- [DIRECTIONS]: Write every line below out again exactly, images omitted.

** Opening RECORD EXTRACTS block **

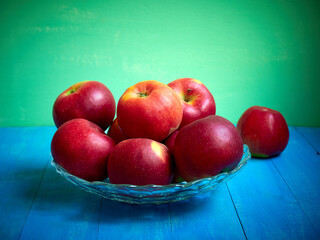 Bright red and yellow apples in a vase on a blue background.
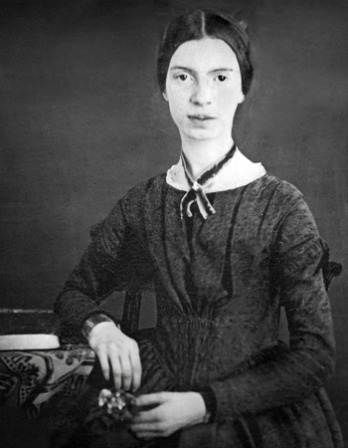 Black and white photograph of Emily Dickinson sitting next to a desk.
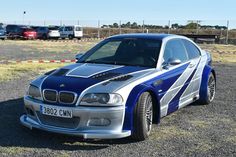 a blue and silver car parked in a parking lot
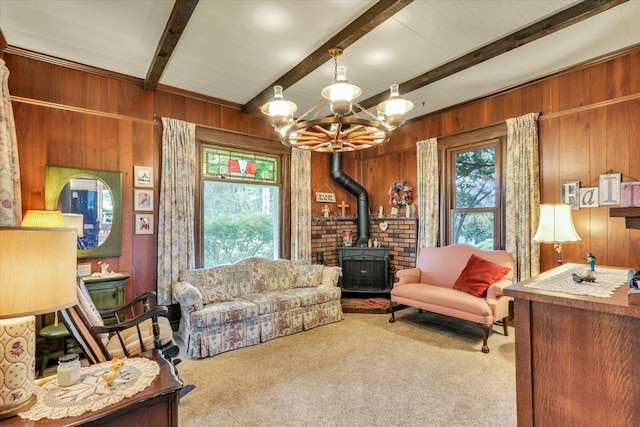 2385 County Road 1550, Saint Joseph, IL 61873 - living room featuring a wood stove, wood walls, carpet, beam ceiling, and a chandelier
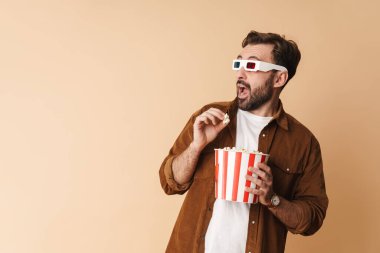 Neşeli, genç sakallı bir adamın portresi. Günlük giysiler giyip bej arka planda tek başına dikiliyor. 3D gözlüklü bir film izliyor, patlamış mısır yiyor, gözlerini kaçırıyor.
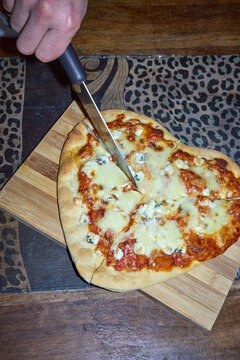 Cutting a heart-shaped pizza on wooden board 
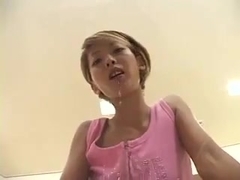 beautiful Japanese girl spitting on the table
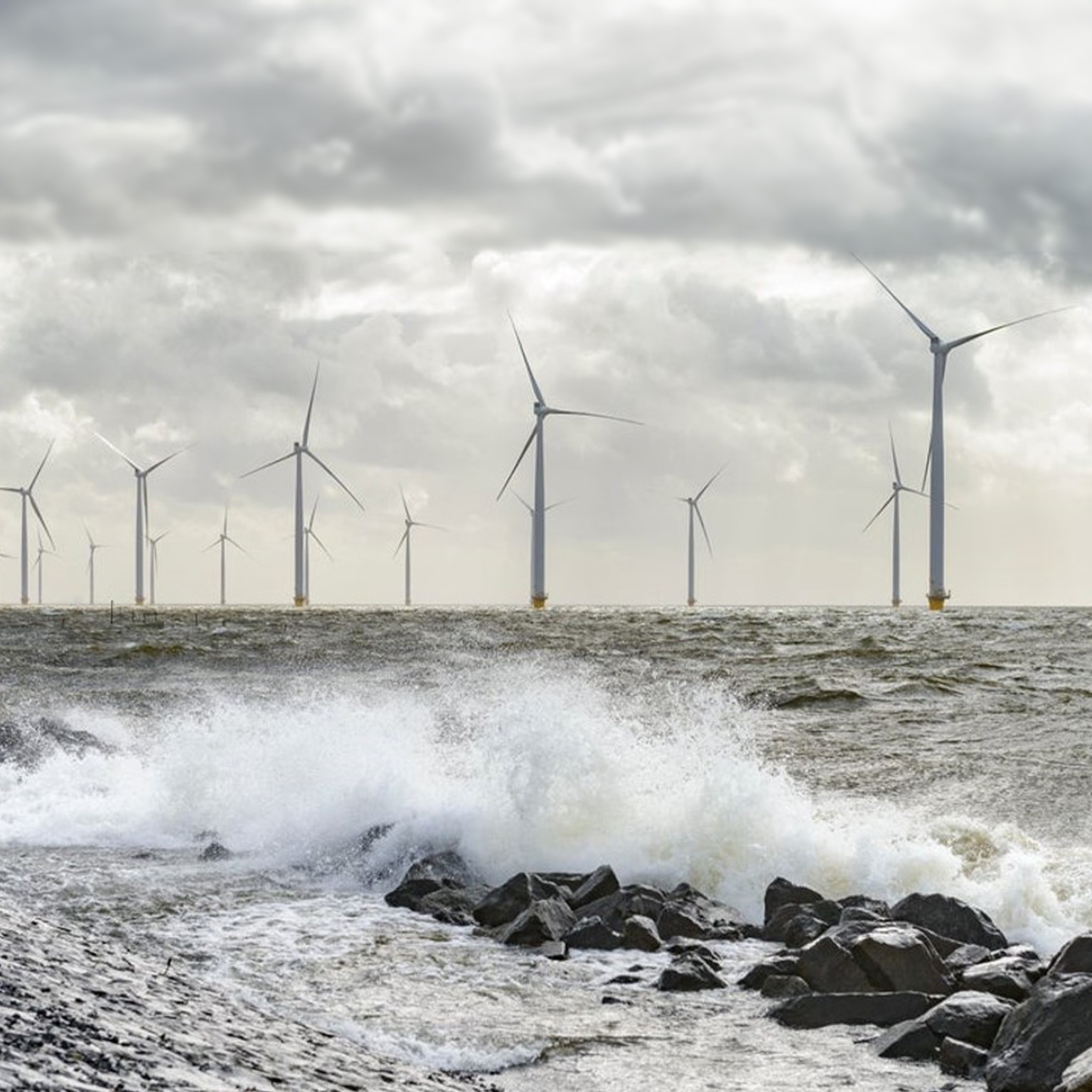 Offshore wind turbines during a storm as waves crash against rocks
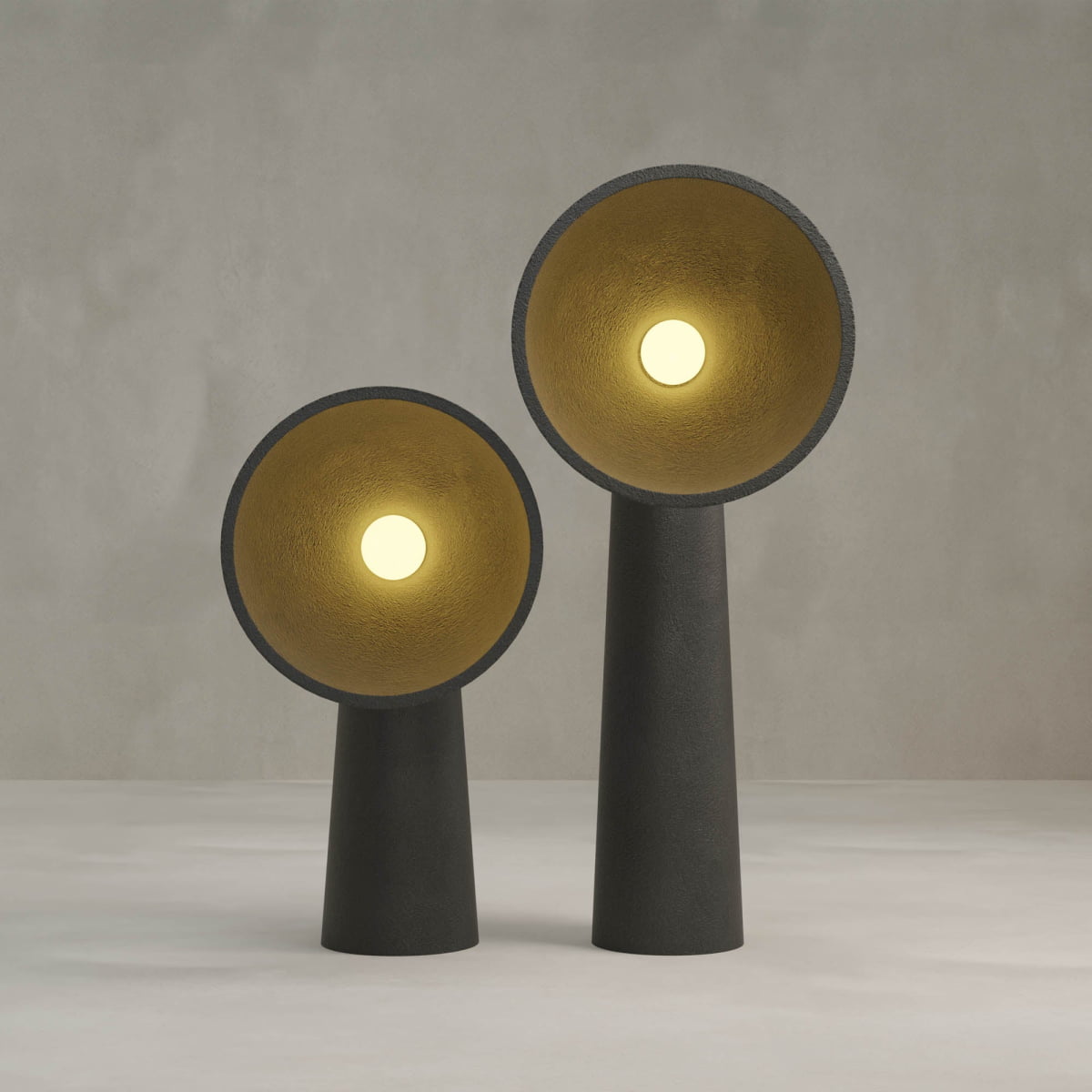 The Orbis Medium Floor Lamp features a modern black cone-shaped base and a gold-lined wide circular shade that emits warm light, all set against a plain light gray background, evoking sculptural artistry.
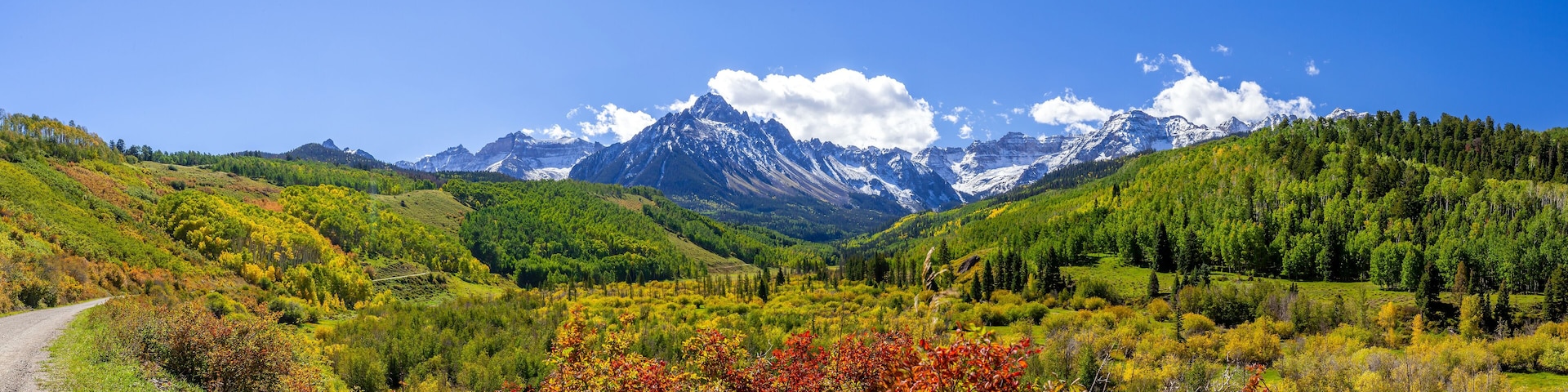 A mountain range with a clear sky, a dirt road, and autumn-colored foliage.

** Closing RECORD EXTRACTS block **

- [EXERCISE OUTPUT]:
 Bright red and yellow apples in a vase on a blue background.
 Black and white photograph of Emily Dickinson sitting next to a desk.
 a blue and silver car parked in a parking lot
 2385 County Road 1550, Saint Joseph, IL 61873 - living room featuring a wood stove, wood walls, carpet, beam ceiling, and a chandelier
 Neşeli, genç sakallı bir adamın portresi. Günlük giysiler giyip bej arka planda tek başına dikiliyor. 3D gözlüklü bir film izliyor, patlamış mısır yiyor, gözlerini kaçırıyor.
 Cutting a heart-shaped pizza on wooden board 
 beautiful Japanese girl spitting on the table
 Offshore wind turbines during a storm as waves crash against rocks
 The Orbis Medium Floor Lamp features a modern black cone-shaped base and a gold-lined wide circular shade that emits warm light, all set against a plain light gray background, evoking sculptural artistry.
 A mountain range with a clear sky, a dirt road, and autumn-colored foliage.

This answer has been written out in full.